I am using python 2.7 with ubuntu and running spark via a python script using a sparkcontext
My db is a remote mysql, with a username and password.
I try to query it using this code
sc = createSparkContext()
sql = SQLContext(sc)
df = sql.read.format('jdbc').options(url='jdbc:mysql://ip:port?user=user&password=password', dbtable='(select * from tablename limit 100) as tablename').load()
print df.head()
And get this error
py4j.protocol.Py4JJavaError: An error occurred while calling o32.load. : java.sql.SQLException: No suitable driver
I found that I need the JDBC driver for mysql.
I downloaded the platform free one from here
I tried including it using this code in starting the spark context
conf.set("spark.driver.extraClassPath", "/var/nfs/general/mysql-connector-java-5.1.43")

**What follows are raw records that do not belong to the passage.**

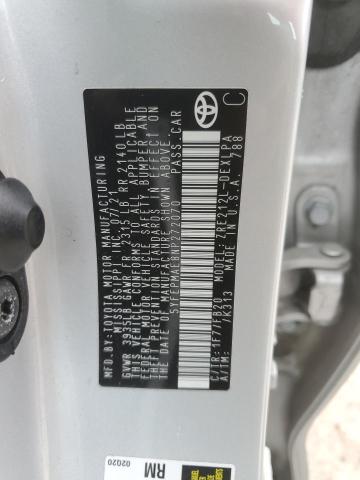 2022 TOYOTA COROLLA LE - 5YFEPMAE8NP272070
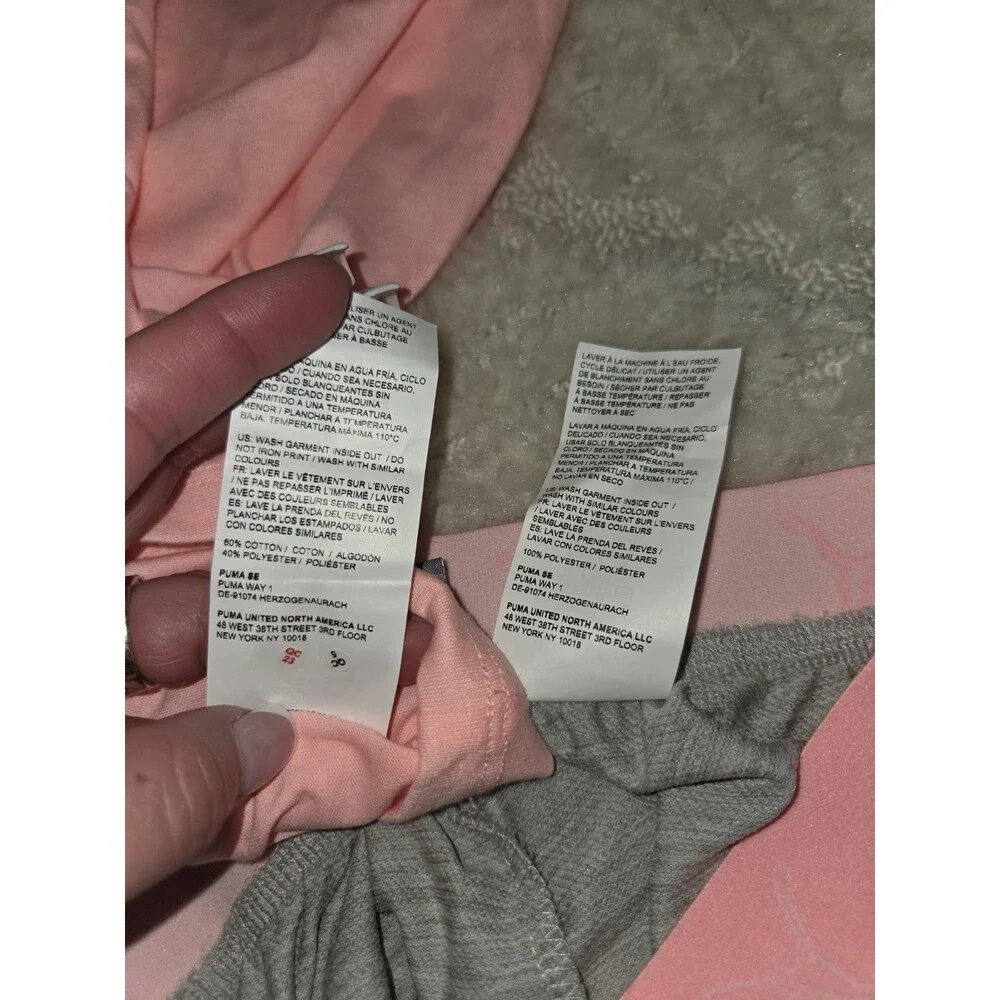 NWOT Girls Size 8 Puma Pink and grey Tee and Shorts 2 Pcs Set B20 - Picture 6 of 6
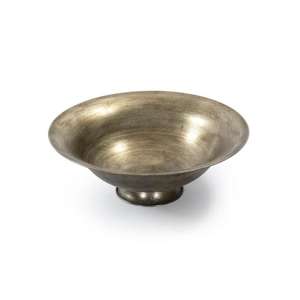 Cuenco Antiguo de Latón para Frutas y Aperitivos, Cuencos de Metal para Servir, Plato Redondo de Estilo Floral, Cuenco Decorativo para Decoración del Hogar, Centro de Mesa - Product Image 5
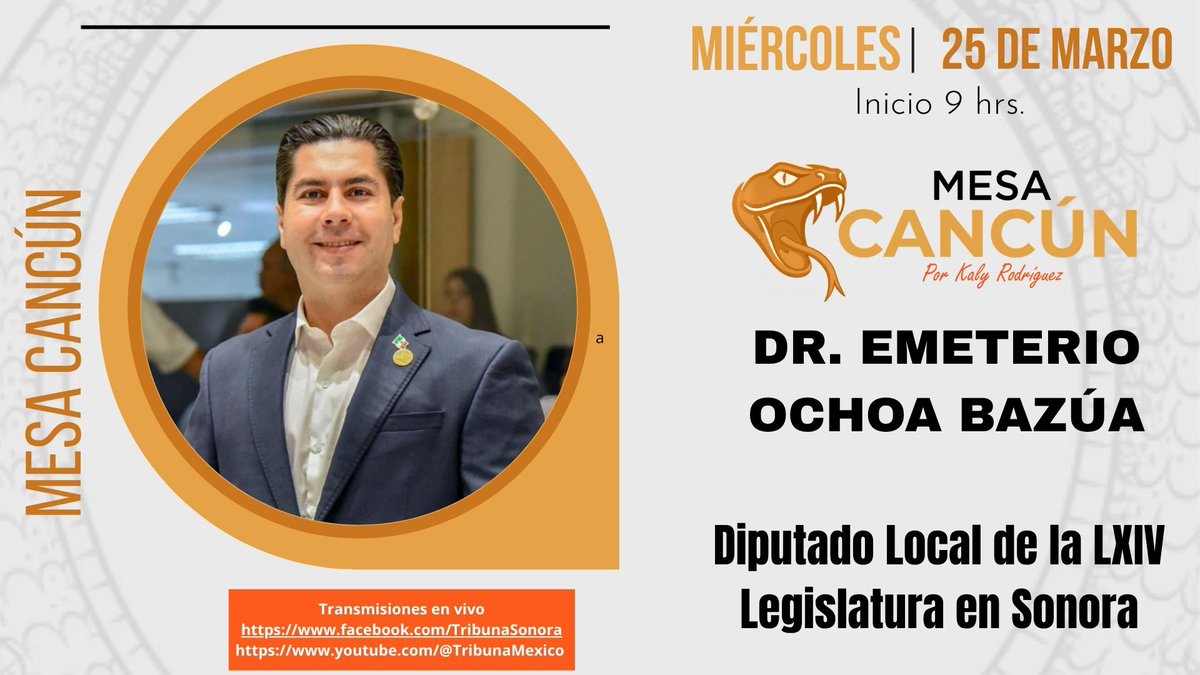 Mesa Cancún tweet media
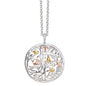 ENGELSRUFER SILVER TREE OF LIFE CIRCLE NECKLACE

and tried to install it using
sudo apt-get install libmysql-java
on the master machine, on the db machine and on the machine running the python script with no luck.
edit2
#i tried using
conf.set("spark.executor.extraClassPath", "/var/nfs/general/mysql-connector-java-5.1.43")
seems by the output of
print sc.getConf().getAll()
which is
[(u'spark.driver.memory', u'3G'), (u'spark.executor.extraClassPath', u'file:///var/nfs/general/mysql-connector-java-5.1.43.jar'), (u'spark.app.name', u'spark-basic'), (u'spark.app.id', u'app-20170830'), (u'spark.rdd.compress', u'True'), (u'spark.master', u'spark://127.0.0.1:7077'), (u'spark.driver.port', u''), (u'spark.serializer.objectStreamReset', u'100'), (u'spark.executor.memory', u'2G'), (u'spark.executor.id', u'driver'), (u'spark.submit.deployMode', u'client'), (u'spark.driver.host', u''), (u'spark.driver.cores', u'3')]
that it includes the correct path, but still i get the same "no driver" error...
What am i missing here?
Thanks